At the end of this lecture, you should be able to:

  1. Recognize the different features of the three dimension reduction techniques: principal component analysis (PCA), multi-dimensional scaling (MDS), and stochastic neighbor embedding (SNE) .
  2. Implement the PCA and the classical- MDS algorithms using elementary linear algebra.
  3. Decide between using covariance and correlation for the dimension reduction analysis.
  4. Explore how to use explained variance to choose the number of dimensions of the projection.
  5. Describe Stochastic Neighbor Embedding (SNE) and t-distributed Stochastic Neighbor Embedding (t-SNE) as minimization of the Kullback-Leibler divergence (KL-divergence) between the probability distributions on data pairs in both the original high-dimensional and the target low-dimensional space.
  6. Recognize that t-SNE alleviates crowding of data points in low-dimension.
  7. Analyze the results of PCA, MDS, t-SNE together to identify patterns of the data.

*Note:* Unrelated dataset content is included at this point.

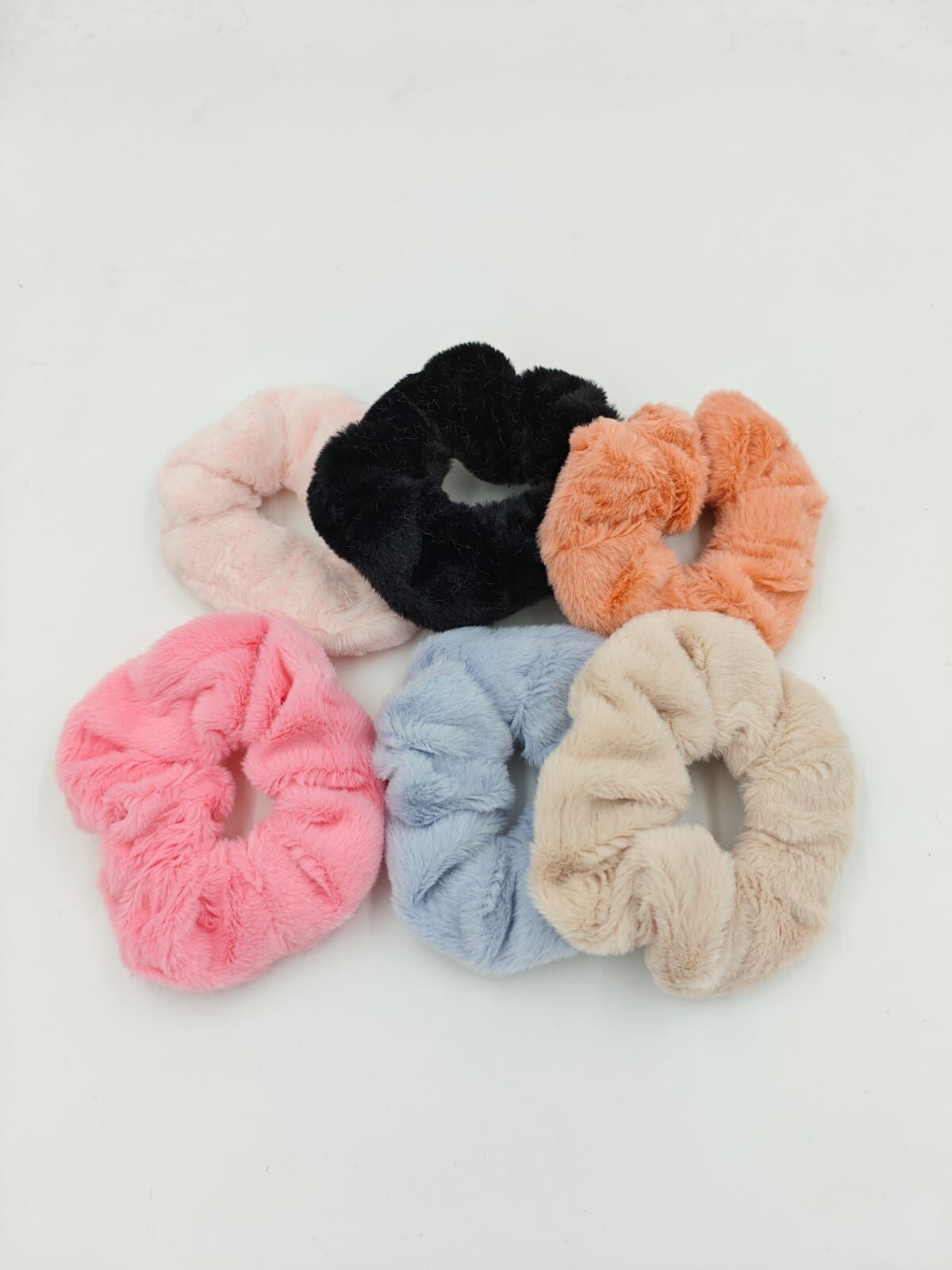 Tüy Simit Toka 12li (Adet:20TL)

Lecture Goals and Key Concepts (generated)

Introduction

Dimension reduction refers to a set of techniques which can transform high-dimensional data into their representative low-dimensional data. During the process, some information of the original data is discarded but some main characteristics of the original data is preserved.

Dimension reduction is important because processing and analyzing high-dimensional data can be computationally intractable. Dimension reduction is very useful in dealing with a large number of observations and variables, hence it is widely used in many fields such as signal processing, machine learning, and bioinformatics.

Three dimension reduction techniques will be introduced:

PCA tries to project the original high-dimensional data into lower dimensions by capturing the most prominent variance in the data.

MDS is a technique for reducing data dimensions while attempting to preserve the relative distance between high-dimensional data points.

SNE is a non-linear technique to “cluster" data points by trying to keep similar data points close to each other.